Authentic France Travel Tip #46: Avoid School Parking Lots At Pick-Up / Drop-Off Times

Better to Take Your Bike Than Brave a School Parking Lot in France…

I was warned repeatedly about the parking lot at my big girls’ new school here in Canada. There were just too few parking spots and too many cars, I was told. As a consequence, for the past week I have been doing the daily drop-offs and pick-ups, expecting parking mayhem to erupt at any time.

It hasn’t.

The worst I’ve had to do is park about a minute’s walk (and enjoy a gorgeous stroll along Victoria’s stunning waterfront) away from the school itself. My mind is still spinning over the ease of parking here. Everything happens in such an orderly fashion. People actually obey the rules and excercise self-restraint. I feel like saying, “You think this is difficult parking!? HUH! You don’t KNOW about true parking problems.”

From what I’ve seen so far, I can conclude that Canadian parents are pretty much the exact opposite of French parents picking up and dropping off their children at school.

The parking lot at Saint-Coeur (the girls’ school in Beaune) was the closest thing to true anarchy that I have ever experienced. Toddlerhood is a close second, but I think the Saint-Coeur parking lot still wins out.

Parents would routinely leave their car idling in the only traffic lane while they went to drop off their children and enjoy a leisurely chat with teachers and other parents (who were likewise blocking traffic). When they were yelled at on their return to their vehicle by the drivers stuck behind them they would respond with complete indignance and rude hand gestures.

It was utter lawlessness; virtually no rule or regulation was respected. It was the French laissezfaire attitude taken to its most chaotic extreme.

For the first two weeks of my first year in France I arrived at the school – nice, law-abiding Canadian girl that I was way back then – half an hour before pick-up in a quest to find a legal parking spot. However, I quickly realized that even that early all the legal spots were already taken (by people who worked in Beaune and illegally parked there for the entire day bien sûr).

So over my five years there I became an expert at double parking (even triple and quadruple parking sometimes), parking on sidewalks and crosswalks, and basically every other method of illegal parking that exists.

Through trial and error I also became pro at the parking lot arguments that inevitably broke out.

Even if I was completely in the wrong, I learned that the only effective method was to hurl back accusations louder than my accuser. This cherished French technique, that is even more effective than the myriad of rude hand gestures I mastered, can basically be summed up as NEVER ADMITTING YOU ARE WRONG.

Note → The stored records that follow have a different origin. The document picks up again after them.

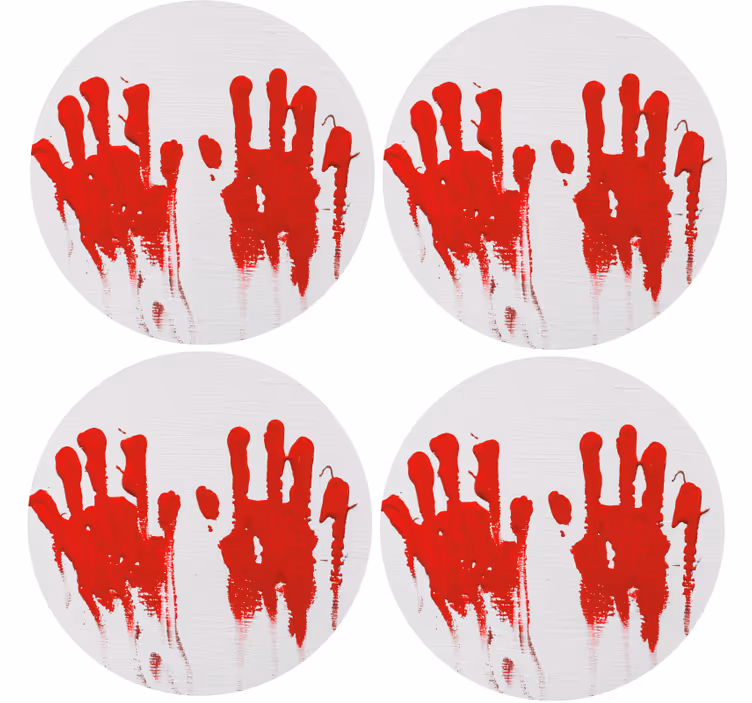 Halloween underlag med røde håndavtrykk - Tenstickers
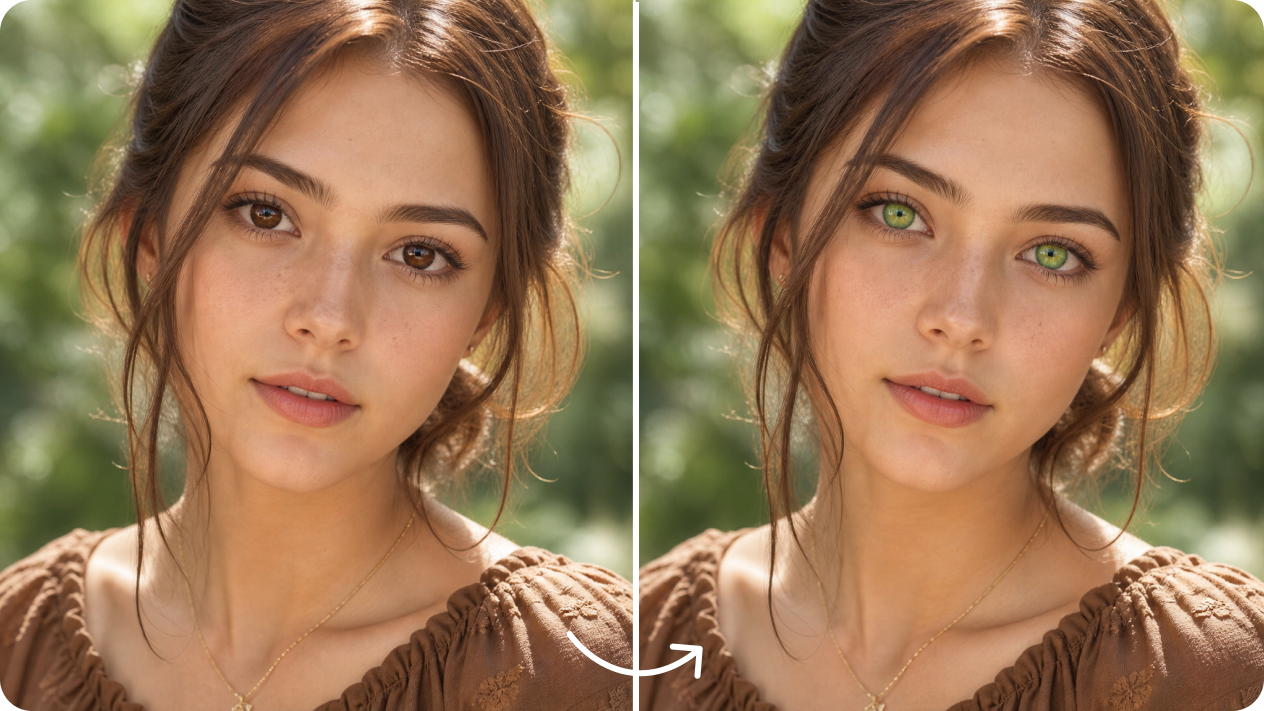 Describe any eye color and see it on your portrait instantly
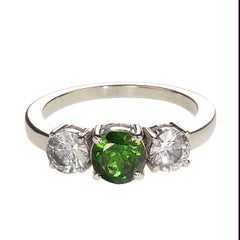 AJD Rare Green Demantoid Garnet Accented by White Sapphires Ring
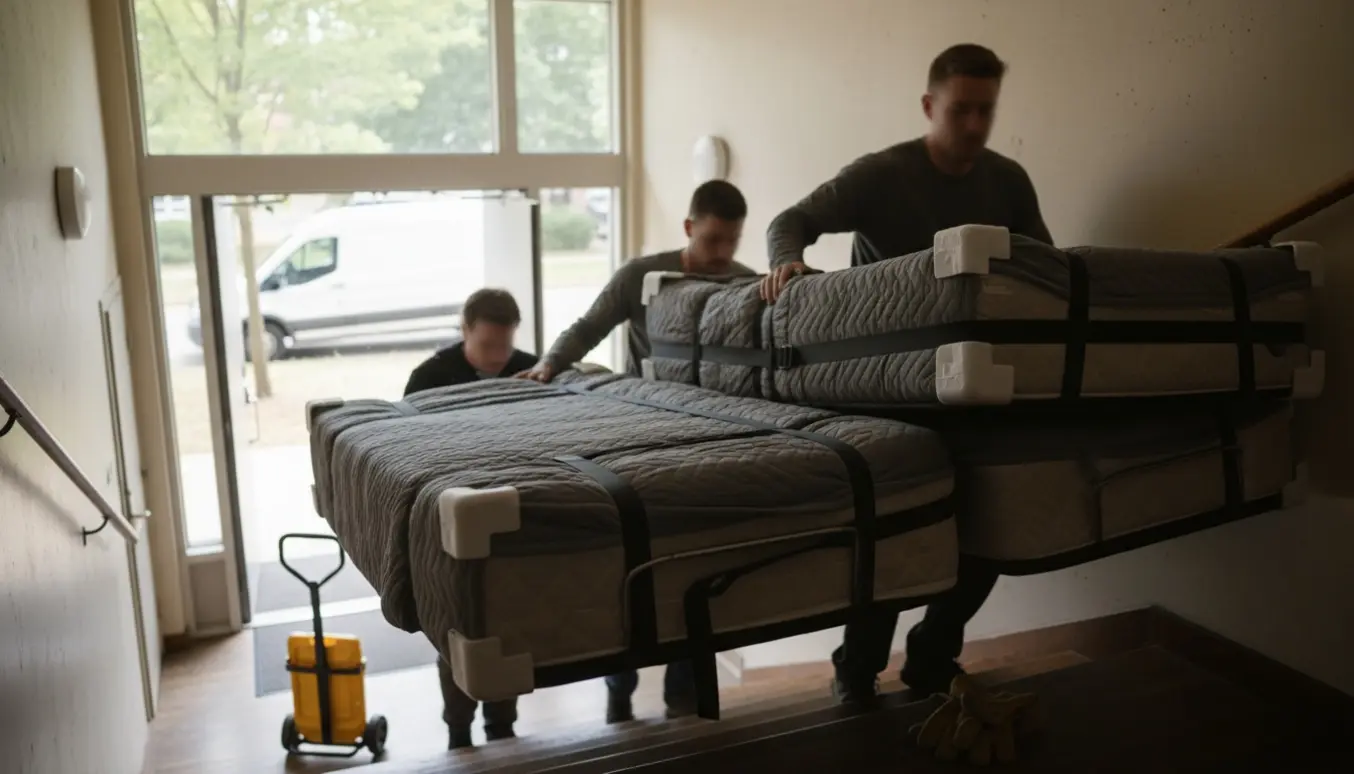 To flyttefolk bærer indpakkede elevationssenge ned ad en trappe mod en uidentificeret flyttevogn.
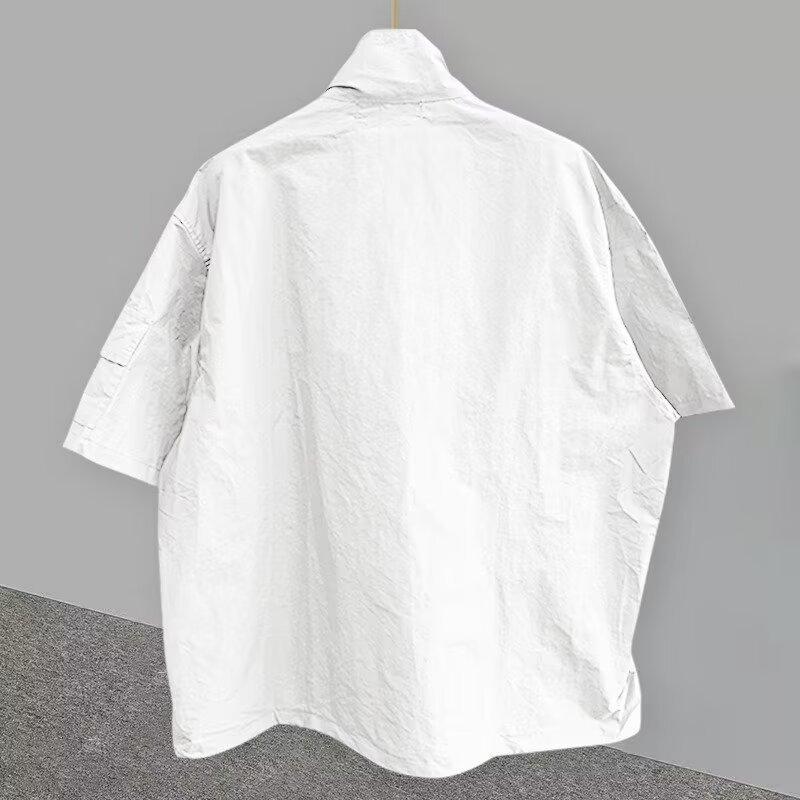 Solid Color Tooling Stand-up Collar Jacket Men's Korean Version Trendy Versatile Handsome Loose Semi-zipper Design Short Sleeves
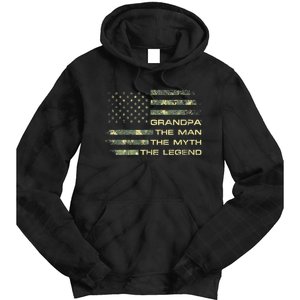 Grandpa The Man The Myth The Legend Fathers Day Camo US Flag Tie Dye Hoodie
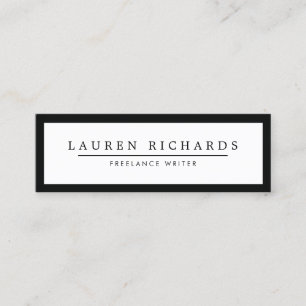 Professional Luxe Black and White Mini Mini Business Card
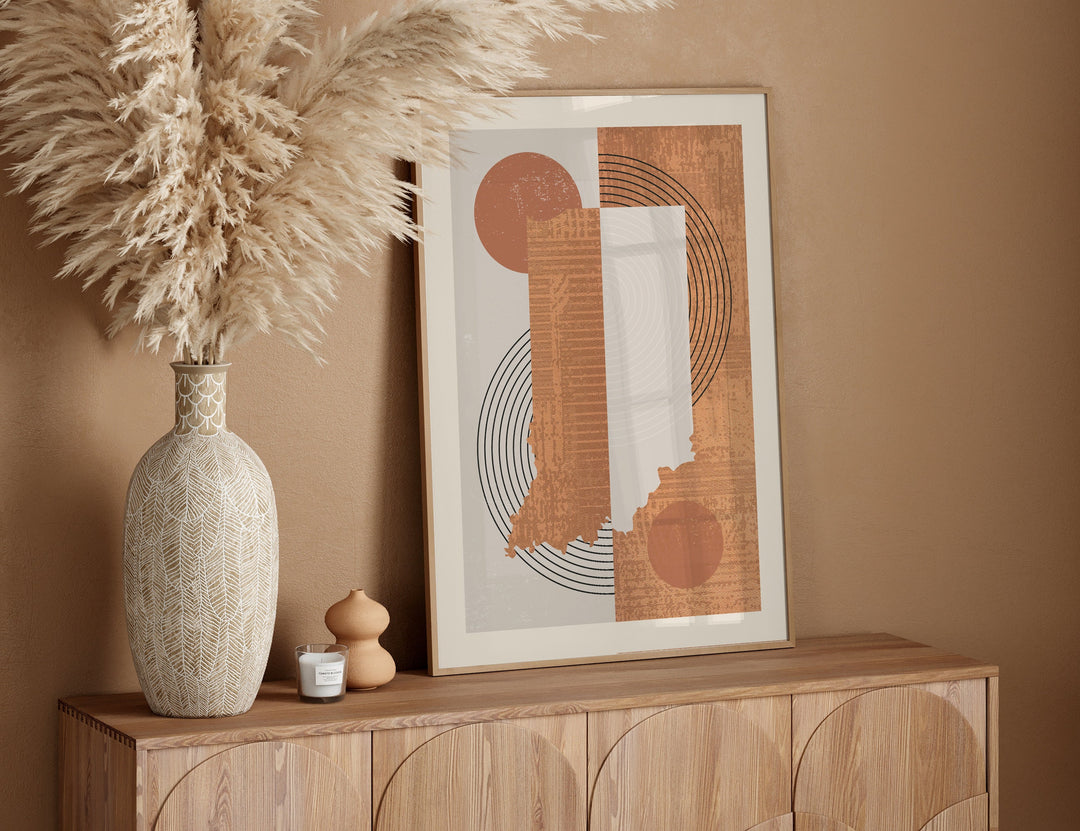 Indiana Map Boho Wall Art Print | Mid Century | USA | United States of America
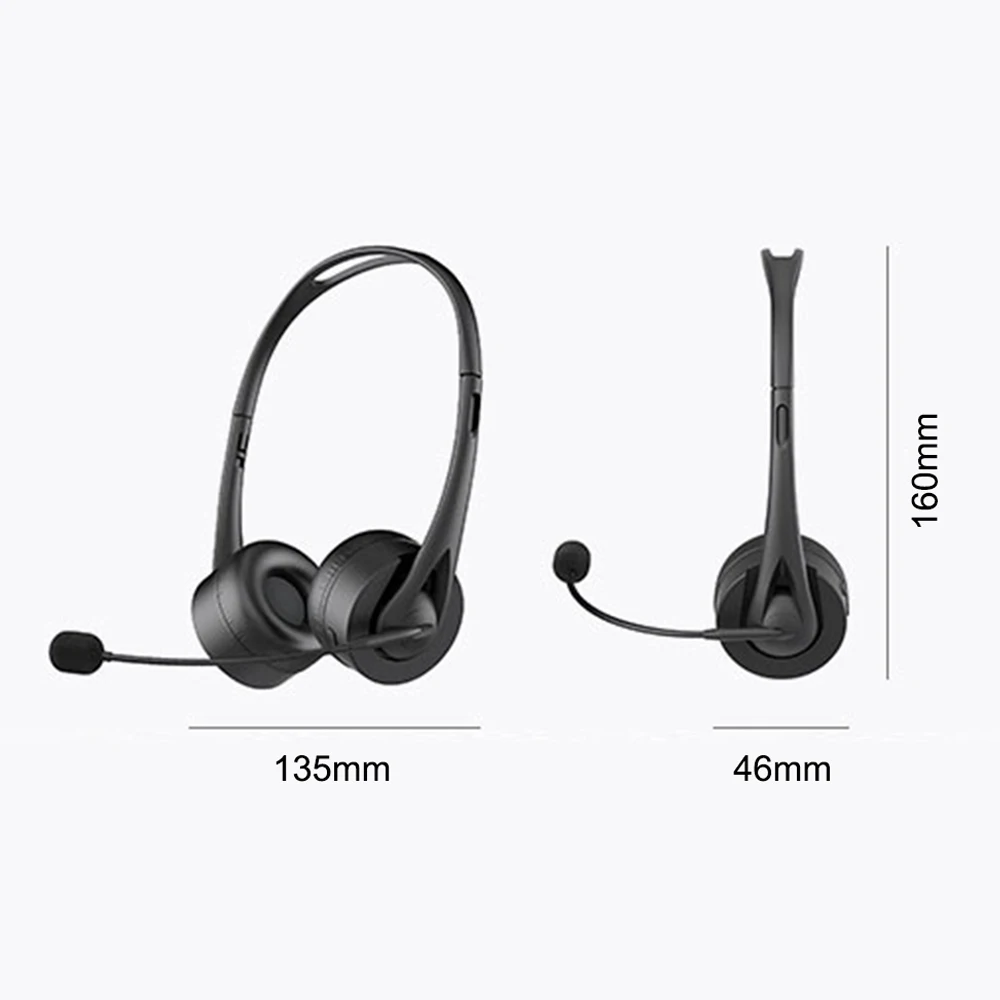 Cuffie wireless Bluetooth V5.3 Cuffie da camionista Cuffie per chiamate in vivavoce con microfono per call center Office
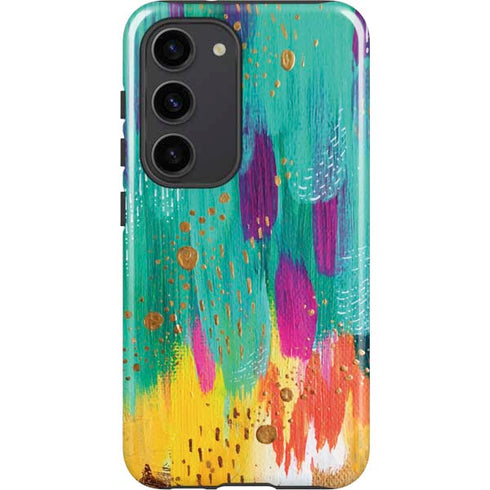 Etta Vee Turquoise Brush Stroke Galaxy S23 Pro Case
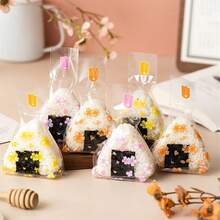 1套/100个可爱米饭和蔬菜卷包装袋，可爱樱桃卡通三角寿司袋，便当配件和寿司制作模具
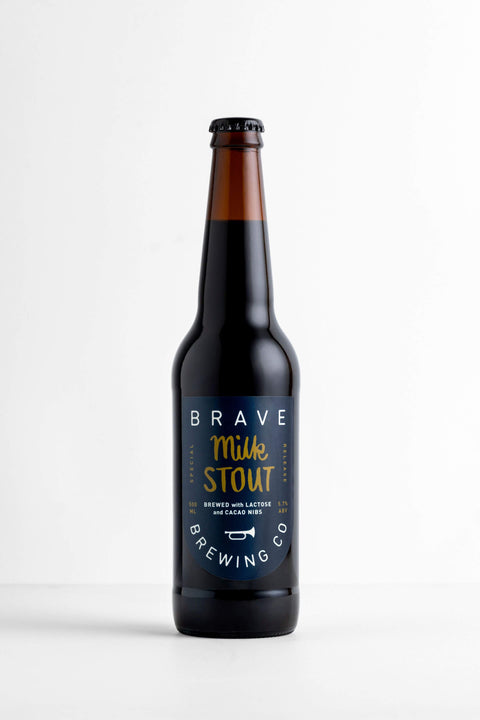 Bottle of Brave Milk Stout with a label on a white background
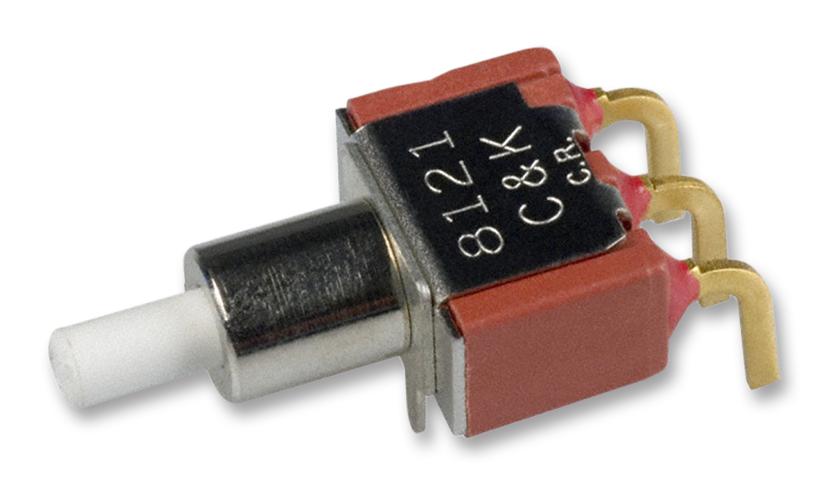 8121SD9AGE PB SWITCH, SPDT, 1A, 120V, THD C&K COMPONENTS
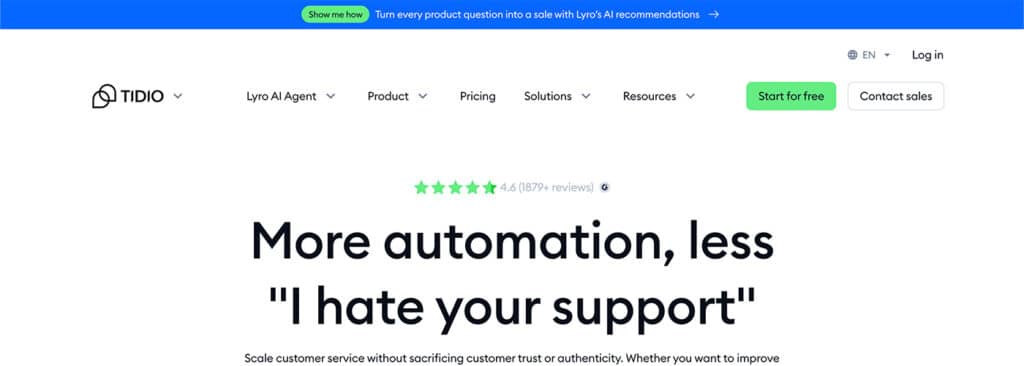 Tidio AI Website
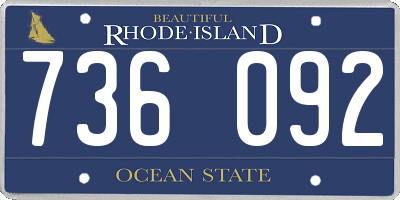 RI license plate 736092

Before you admonish me about my uncivil behaviour, go and try to park in the parking lot of a French school during drop off or pick-up times, then come and give me a guilt trip.

As I learned for myself, these tactics were not optional – they were the basic tenets of survival that allowed me to emerge from the French school parking maw unscathed (most of the time).

So if you are not prepared to adopt such tactics (and they are not for the faint of heart) take my advice and avoid school parking lots in France during from between 8:30 – 9:15am, 11:30-12:15pm, 1:30-2:15pm, and 4:30-5:15 pm.

Outside of these hours, the French really are a charming group of people.